Sono previste trasferte di lavoro all’estero?
Non ci sono trasferte all’estero, principalmente perché lavoriamo con il territorio dove siamo stabiliti (Pirenei Orientali, Auda e Herault). Nell’ambito di progetti transfrontalieri, ci sono a volte appuntamenti o riunioni in Catalogna, ma sempre con andata e ritorno nella stessa giornata.
Tu hai svolto parte dei tuoi studi in Italia, nel territorio dell’Irpinia. Cosa ti è rimasto di quella esperienza e come credi che si potrebbe intervenire per migliorare la vivibilità di quel territorio?
Mi ha colpito molto l’impegno degli abitanti delle aree interne, in particolar modo in Irpinia, dove si rimboccano le maniche per trovare soluzioni, innovazioni per fare vivere il loro territorio, attraverso associazioni, microimprese ecc. Però ciò significa anche l’assenza dello Stato, o almeno la sua presenza insufficiente a rispondere ai bisogni di questi territori.

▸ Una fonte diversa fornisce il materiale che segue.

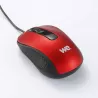 Souris filaire WE 1200DPI , USB, longeur câble 1.5m finition métallique Bordeaux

In Francia la situazione è molto diversa. C’è ovviamente anche qui un po’ di cittadinanza attiva, portata però avanti per altri motivi, non per “salvare la propria terra” ma per costruire modi di vita alternativi, con meno risorse, di ritorno alla terra per esempio. Lo Stato francese è anche molto più presente. Offre vari finanziamenti ai comuni (anche se per molti, non è mai abbastanza) per realizzare progetti (spazi urbani, scuole, ecc.) ma anche proprio in ingegneria, per aiutare i comuni a pianificare i loro investimenti ed avere una strategia coerente di sviluppo e di transizione ecologica.
Detto ciò, non credo che l’Italia debba diventare come la Francia. Abbiamo una storia e una cultura diverse. Poiché lo Stato è molto presente, noi tendiamo a pensare che le istituzioni hanno la risposta a tutto e devono provvedere a tutto. Ma il cittadino aspetta sempre la risposta dello Stato, mentre a volte, è lui la persona migliore a conoscere la situazione, il territorio e quindi ad agire. C’è sicuramente modo di trovare una via di mezzo: avere uno Stato italiano più presente senza rinunciare all’impegno degli abitanti.
Dunque, un discorso di cittadinanza attiva…
La cittadinanza attiva è una forza immensa per l’Italia. Io sono davvero ammirata da tutte queste persone che investono quotidianamente tempo ed energia per fare vivere la propria terra. È tempo che lo Stato italiano riconosca questa forza e ne sostenga le dinamiche. Per esempio lo potrebbe fare accompagnando le numerose iniziative dal basso, con ingegneria e finanziamenti, senza sostituirsi ad esse: aiutare le microimprese, aiutare gli abitanti a finanziare i loro progetti, che a volte richiedono forse 10.000, o 20.000 euro per avviarsi: comprare un locale, terreni agricoli, attrezzi e materiale professionale, ecc. Non parliamo di distribuire milioni a pioggia! Sarebbe poi un bel messaggio lanciato a chi ha voglia di investire tempo e soldi in Italia, un messaggio di fiducia che dice “si, c’è posto per te qui nella tua terra e t’incoraggio a realizzare i tuoi progetti”.